If you know me or have spent much time on this blog or social media channels, you know I am highly caffeinated at all times. Needless to say, I had no problem putting in the research with a daily Starbucks trip. Thankfully, I had piles of gift cards to use as well, because at $7 a cup we may have been limited on our research assignments. There were a few things I learned from my multiple research endeavors. First, each trip yielded a different experience as no barista seemed to make it the same way. Some were heavy handed on the syrup pumps, some not so much. Some baristas got the perfect ratio between syrup, espresso and milk (oat milk). Others made a latte not a macchiato. Which leads me to the second thing I learned. A Starbucks macchiato is not a traditional macchiato, it’s a latte macchiato, which means that it contains more milk than espresso. Which is one more reason why I knew I wanted to recreate this at home so that I could get the ratio exactly to my liking. Last, I learned we don’t thank our baristas enough for all the hard work they do. They put up with a lot and deserve a big thank you, a kind work and a smile.

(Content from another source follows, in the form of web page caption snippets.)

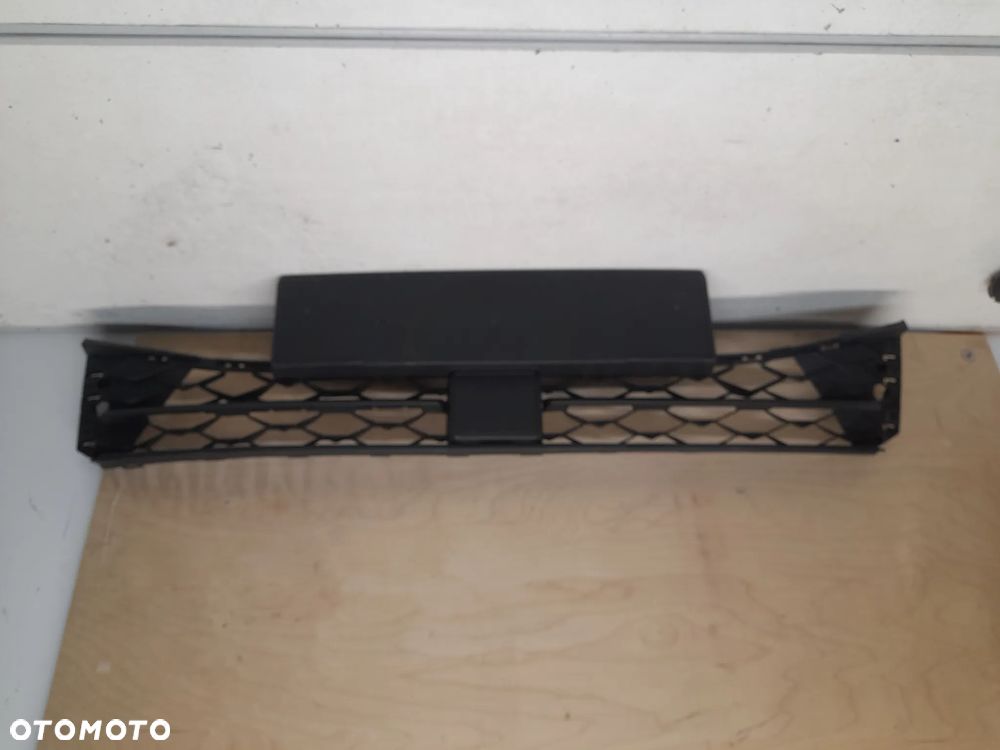 SEAT LEON IV 4 KRATKA ŚRODKOWA ATRAPA GRILL ZDERZAKA PRZÓD 5FA853667 - 2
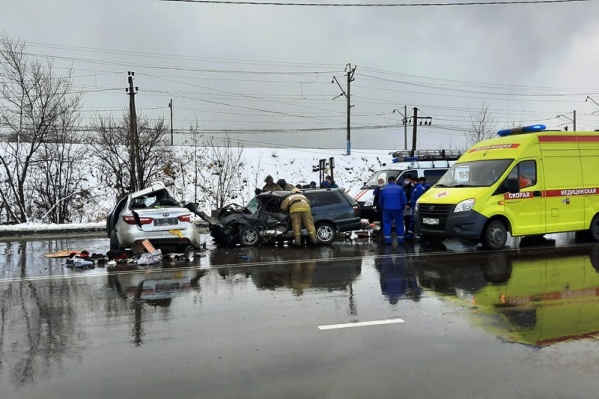 В больницу увезли 5-летнего мальчика, одиннадцатилетнюю девочку и двух взрослых В больницу увезли 5-летнего мальчика, одиннадцатилетнюю девочку и двух взрослых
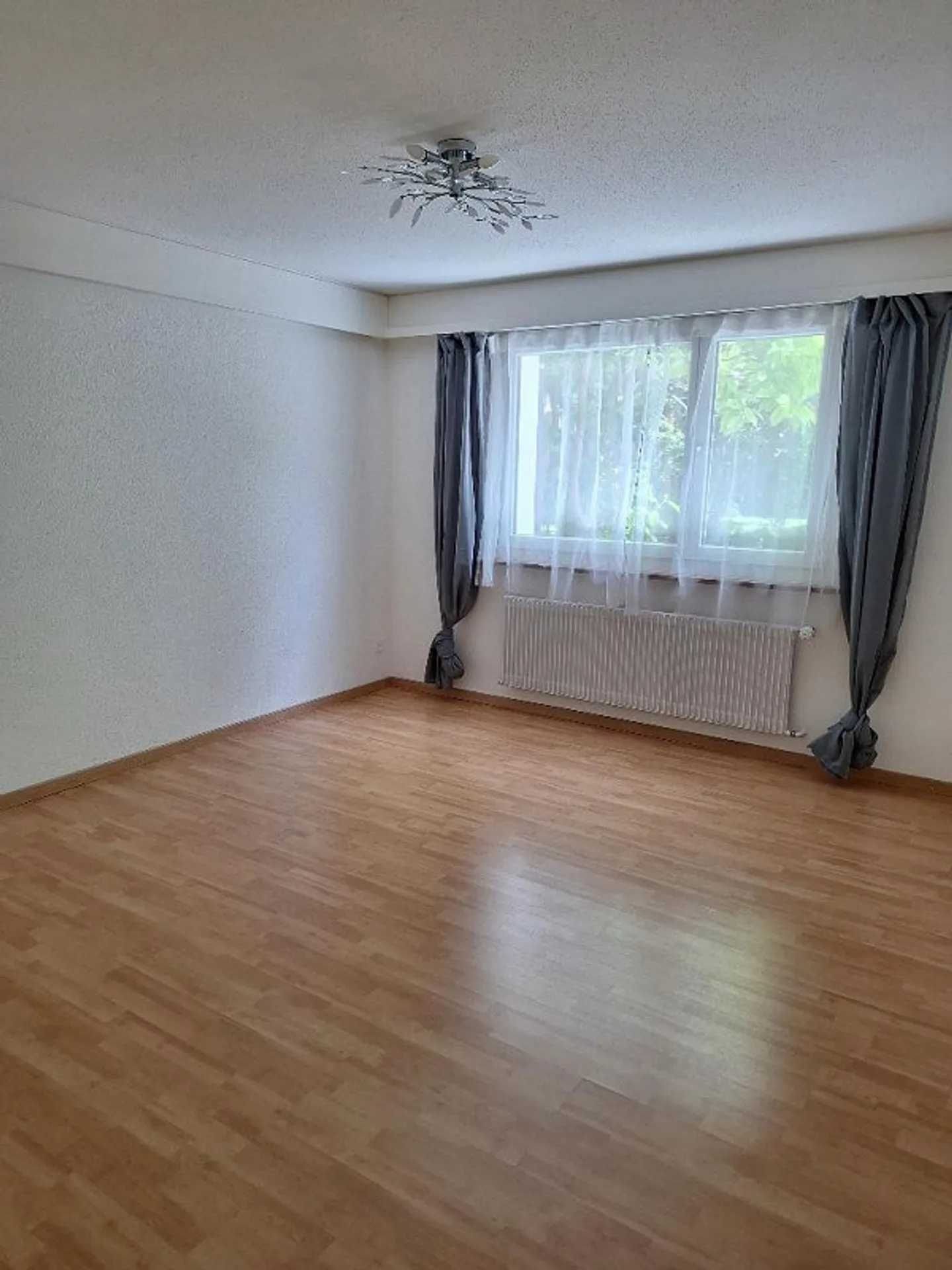 Appartement 2.5 pièces - Photo 3 sur 13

Bonus recipe: Let’s take parts of this recipe and repurpose it into another one. Another seasonal apple recipe can’t be a bad thing, right? Once you have separated the syrup from the apples, take those apples and roughly chop, mash or even blend them up. Then add that apple mixture to some oats, chia seeds and non-dairy milk to create some delightful apple pie-esque overnight oats. Now you are all set with an over the top apple breakfast experience with no food waste.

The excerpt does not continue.